Backend Node Execute : Node mother class function "execute" Each child class have its function "Process" with specific treatment.

Inside a workflow a recursive pattern propagate the execution following parents nodes.

---
title: Backend - Node class function "Execute"
---
stateDiagram-v2

   classDef Incomplete fill:yellow
   classDef Complete fill:orange
   classDef Valid fill:green
   classDef Error fill:red
    state EachInput {
        [*] --> ParentNodeStatus
        ParentNodeStatus --> ParentNodeValid
        ParentNodeStatus --> ParentNodeComplete
        ParentNodeStatus --> ParentNodeIncomplete
        ParentNodeIncomplete -->  [*]
        ParentNodeValid -->  [*]
        ParentNodeComplete --> ParentNodeStatus : Parent Node function "Execute"
        ParentNodeStatus --> ParentNodeError
        ParentNodeError --> [*]
    }
    [*] --> NodeStatus
    NodeStatus --> Complete 
   NodeStatus --> Incomplete
    Incomplete --> [*] : Abort
    Complete --> EachInput
    state if_state3 <<choice>>
    EachInput --> if_state3 : Aggregate Result   
    if_state3 --> SomeInputIncomplete
    if_state3 --> AllInputValid
    if_state3 --> SomeInputError    
    SomeInputIncomplete --> [*] : Abort
    AllInputValid --> ProcessNode: function "Process"   
    SomeInputError --> [*] : Abort
    ProcessNode --> Error
    ProcessNode --> Valid
        
    Valid --> [*] :Success
    Error --> [*] :Error
    
    class Incomplete Incomplete
    class SomeInputIncomplete Incomplete
    class ParentNodeIncomplete Incomplete
    class ParentNodeComplete Complete
    class Complete Complete
    class Valid Valid
    class AllInputValid Valid
    class ParentNodeValid Valid
    class Error Error
    class SomeInputError Error
    class ParentNodeError Error

Configuration and deployment settings

Various configuration example :

**.env file :** 
MONGO_URI = ''
SQL_HOST = ''

LOG_FILE = "logs/log.txt"
...

**secrets folder (openssl password generated) :** 
- secrets/db_root_password 
- secrets/elasticsearch_admin

**angular environments :** 
- production: true / false
- version : X.X

**python fast api backend config.ini :**
[dev]
DEBUG=True/False

[edge]
master:True/False
cluster=014

What are the limits in terms of usage (e.g. number of requests, size of dataset, etc.)?

# work in progress

Third Party Components & Licenses

retejs MIT license
ionic/angular/material MIT license
FastAPI MIT license
DuckDB MIT license
PyArrows Apache License

Implementation Details

Nodes implementation :

All nodes have a front-end implementation where the user can setup its configuration and a back-end implementation to execute the process.

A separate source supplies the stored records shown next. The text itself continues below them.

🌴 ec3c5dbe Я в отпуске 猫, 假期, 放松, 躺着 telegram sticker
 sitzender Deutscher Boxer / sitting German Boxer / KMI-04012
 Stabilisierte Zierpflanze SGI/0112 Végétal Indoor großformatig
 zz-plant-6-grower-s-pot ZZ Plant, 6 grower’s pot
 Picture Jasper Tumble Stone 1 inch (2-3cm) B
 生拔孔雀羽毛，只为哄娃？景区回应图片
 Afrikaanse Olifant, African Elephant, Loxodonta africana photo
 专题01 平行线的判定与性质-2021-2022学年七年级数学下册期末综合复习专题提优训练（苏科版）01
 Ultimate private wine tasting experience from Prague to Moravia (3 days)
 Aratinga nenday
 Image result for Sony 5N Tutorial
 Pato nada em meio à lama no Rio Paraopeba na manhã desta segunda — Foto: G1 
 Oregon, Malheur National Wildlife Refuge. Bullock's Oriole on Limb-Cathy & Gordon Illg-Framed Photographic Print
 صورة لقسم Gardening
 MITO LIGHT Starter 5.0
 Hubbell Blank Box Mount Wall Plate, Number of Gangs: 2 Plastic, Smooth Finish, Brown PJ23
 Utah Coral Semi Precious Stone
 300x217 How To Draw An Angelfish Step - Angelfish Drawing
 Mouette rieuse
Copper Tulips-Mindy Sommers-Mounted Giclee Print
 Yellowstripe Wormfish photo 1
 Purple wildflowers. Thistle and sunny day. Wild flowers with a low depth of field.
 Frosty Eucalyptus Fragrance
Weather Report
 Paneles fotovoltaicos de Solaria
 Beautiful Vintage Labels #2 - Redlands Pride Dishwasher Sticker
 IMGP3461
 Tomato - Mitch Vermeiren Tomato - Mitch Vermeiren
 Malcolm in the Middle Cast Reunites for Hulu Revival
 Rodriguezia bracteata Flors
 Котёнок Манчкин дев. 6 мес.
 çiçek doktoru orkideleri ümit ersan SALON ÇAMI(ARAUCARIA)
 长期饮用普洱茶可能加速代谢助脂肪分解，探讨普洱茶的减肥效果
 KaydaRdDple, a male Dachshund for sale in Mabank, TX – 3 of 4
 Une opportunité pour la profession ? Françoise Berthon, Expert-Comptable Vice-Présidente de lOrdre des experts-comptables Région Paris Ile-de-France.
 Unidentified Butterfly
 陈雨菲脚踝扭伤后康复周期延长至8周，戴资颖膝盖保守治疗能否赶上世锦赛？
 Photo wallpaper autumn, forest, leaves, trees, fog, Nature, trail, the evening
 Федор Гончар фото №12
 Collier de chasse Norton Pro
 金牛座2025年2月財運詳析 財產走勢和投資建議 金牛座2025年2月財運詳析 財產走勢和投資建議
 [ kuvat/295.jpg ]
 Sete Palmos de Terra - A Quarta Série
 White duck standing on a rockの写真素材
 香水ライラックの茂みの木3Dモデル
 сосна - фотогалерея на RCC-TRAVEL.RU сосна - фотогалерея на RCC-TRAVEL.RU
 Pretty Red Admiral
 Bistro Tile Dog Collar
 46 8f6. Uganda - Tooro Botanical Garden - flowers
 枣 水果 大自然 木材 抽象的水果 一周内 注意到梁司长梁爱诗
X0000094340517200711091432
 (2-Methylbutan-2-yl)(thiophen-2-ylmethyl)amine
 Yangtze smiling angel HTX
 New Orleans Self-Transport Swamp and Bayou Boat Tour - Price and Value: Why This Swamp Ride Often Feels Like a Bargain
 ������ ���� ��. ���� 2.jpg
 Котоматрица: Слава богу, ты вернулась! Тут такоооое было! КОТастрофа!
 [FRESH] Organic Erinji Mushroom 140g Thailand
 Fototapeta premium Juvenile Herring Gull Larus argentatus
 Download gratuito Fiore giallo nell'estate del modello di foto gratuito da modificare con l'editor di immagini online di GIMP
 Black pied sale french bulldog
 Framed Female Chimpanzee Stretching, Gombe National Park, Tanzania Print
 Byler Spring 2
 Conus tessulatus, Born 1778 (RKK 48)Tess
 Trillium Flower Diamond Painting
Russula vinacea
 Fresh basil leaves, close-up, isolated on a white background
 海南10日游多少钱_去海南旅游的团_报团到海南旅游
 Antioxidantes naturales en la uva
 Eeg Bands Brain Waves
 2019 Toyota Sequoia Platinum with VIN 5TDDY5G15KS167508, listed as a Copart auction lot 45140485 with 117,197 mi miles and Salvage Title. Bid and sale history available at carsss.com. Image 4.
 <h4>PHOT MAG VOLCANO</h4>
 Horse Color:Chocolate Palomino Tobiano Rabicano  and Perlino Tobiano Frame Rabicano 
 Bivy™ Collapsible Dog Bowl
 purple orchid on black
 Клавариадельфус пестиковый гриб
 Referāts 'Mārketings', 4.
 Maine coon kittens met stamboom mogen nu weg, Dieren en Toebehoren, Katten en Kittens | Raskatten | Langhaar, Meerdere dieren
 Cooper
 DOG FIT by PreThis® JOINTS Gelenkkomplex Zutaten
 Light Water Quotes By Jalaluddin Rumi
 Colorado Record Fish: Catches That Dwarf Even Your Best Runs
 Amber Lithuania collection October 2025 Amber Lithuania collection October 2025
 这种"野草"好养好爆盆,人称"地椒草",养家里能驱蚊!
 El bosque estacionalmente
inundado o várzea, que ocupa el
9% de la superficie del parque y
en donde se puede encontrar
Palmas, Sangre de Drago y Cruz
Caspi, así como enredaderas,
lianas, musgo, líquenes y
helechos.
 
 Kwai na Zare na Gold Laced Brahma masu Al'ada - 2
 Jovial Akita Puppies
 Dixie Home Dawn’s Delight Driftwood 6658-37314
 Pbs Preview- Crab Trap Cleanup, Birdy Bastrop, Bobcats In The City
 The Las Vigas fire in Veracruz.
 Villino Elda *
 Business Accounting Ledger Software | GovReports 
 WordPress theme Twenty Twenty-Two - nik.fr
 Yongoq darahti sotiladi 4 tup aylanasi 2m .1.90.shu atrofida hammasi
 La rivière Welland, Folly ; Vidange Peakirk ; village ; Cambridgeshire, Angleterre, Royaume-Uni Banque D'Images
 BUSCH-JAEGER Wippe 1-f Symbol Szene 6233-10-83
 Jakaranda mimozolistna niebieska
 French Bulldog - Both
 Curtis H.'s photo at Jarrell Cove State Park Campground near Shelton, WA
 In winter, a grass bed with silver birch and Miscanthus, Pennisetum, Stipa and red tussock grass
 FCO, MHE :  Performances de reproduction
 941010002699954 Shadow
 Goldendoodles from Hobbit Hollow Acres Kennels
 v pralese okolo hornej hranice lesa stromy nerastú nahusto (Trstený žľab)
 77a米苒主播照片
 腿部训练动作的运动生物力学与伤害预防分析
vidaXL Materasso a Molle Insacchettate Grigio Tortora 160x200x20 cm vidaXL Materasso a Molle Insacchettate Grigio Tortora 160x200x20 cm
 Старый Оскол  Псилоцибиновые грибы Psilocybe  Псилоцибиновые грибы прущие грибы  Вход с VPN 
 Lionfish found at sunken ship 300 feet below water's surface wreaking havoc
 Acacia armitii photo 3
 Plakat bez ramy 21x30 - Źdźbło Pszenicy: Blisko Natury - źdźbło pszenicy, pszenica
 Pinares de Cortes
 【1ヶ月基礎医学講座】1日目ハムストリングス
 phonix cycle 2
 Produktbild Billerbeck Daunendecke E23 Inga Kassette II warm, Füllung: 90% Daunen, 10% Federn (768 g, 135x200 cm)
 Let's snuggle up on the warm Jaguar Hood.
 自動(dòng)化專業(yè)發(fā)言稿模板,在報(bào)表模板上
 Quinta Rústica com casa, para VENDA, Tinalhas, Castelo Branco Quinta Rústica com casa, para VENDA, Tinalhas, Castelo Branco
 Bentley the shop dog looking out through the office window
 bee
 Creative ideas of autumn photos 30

All nodes inherit from the abstract class Nodeblock.

We identify shared functionalities like :

Front-end : a status component to track the node status with a visual indicator.
Front-end : a data method to save the current node configuration with user modification.
Front-end : a run button to execute the node.
Back-end : An execute function to verify parent status and executed them if possible to finally call her inner logic.
Back-end : An abstract process function with custom business logic

Inputs Node :

All input nodes inherit from InputDataBlock :

We identify shared functionalities like :

Front-end : button to test the connection with the data-source with a visual indicator.
Back-end : An abstract test connection function.

We need one class of input Node for each data-source format (Local file, MySQL, Mongo , API, ...)

For the front-end a factory deduces the correct input instance according to the given source connector sent in parameter.

Node instance exposes one output and its socket type define its format :

Flat object : Table of data with several columns. Examples : CSV, MySQL results
Deep object : Collection of data with inner objects.
xAPI : Deep object who follow xAPI specification.

Connections rules between nodes

Each block input defines a socket, ie. what kind of data it accepts (float, string, array of string, etc…).

On the back-end counterpart class :

“Process” function implement the business logic. In this case, it retrieves data-source information and populate the output with data schemes and data content.

For huge data content we can use a parquet format to store intermediate result physically, likely as a selector shared attribute of InputDataBlock

Each input Node may have rules executed at the request level and a widget in the front-end to setup them.

Outputs Node :

All output nodes inherit from OutputDataBlock.

We need one class of output Node for each format handle by the BB.

Each output block specifies the inputs it can process.

The widgets’ block permits to setup the output and visualizes its status.

On the back-end counterpart class :

One method to execute the node and export a file or launch transactions to fill the destination.

Transform Node :

All nodes called upon to manipulate data inherit from the transformation node.

Transform node can dynamically add input or output based on data manipulated and use widgets to expose parameters for the user.

For complex cases, we can imagine a additional modal window to visualize a sample of the data and provide a convenient interface for describing the desired relationships between data.

Considerations on revision identifiers

The workflow representation can be likened to a tree representation, where each node can have a unique revision ID representing its contents and children.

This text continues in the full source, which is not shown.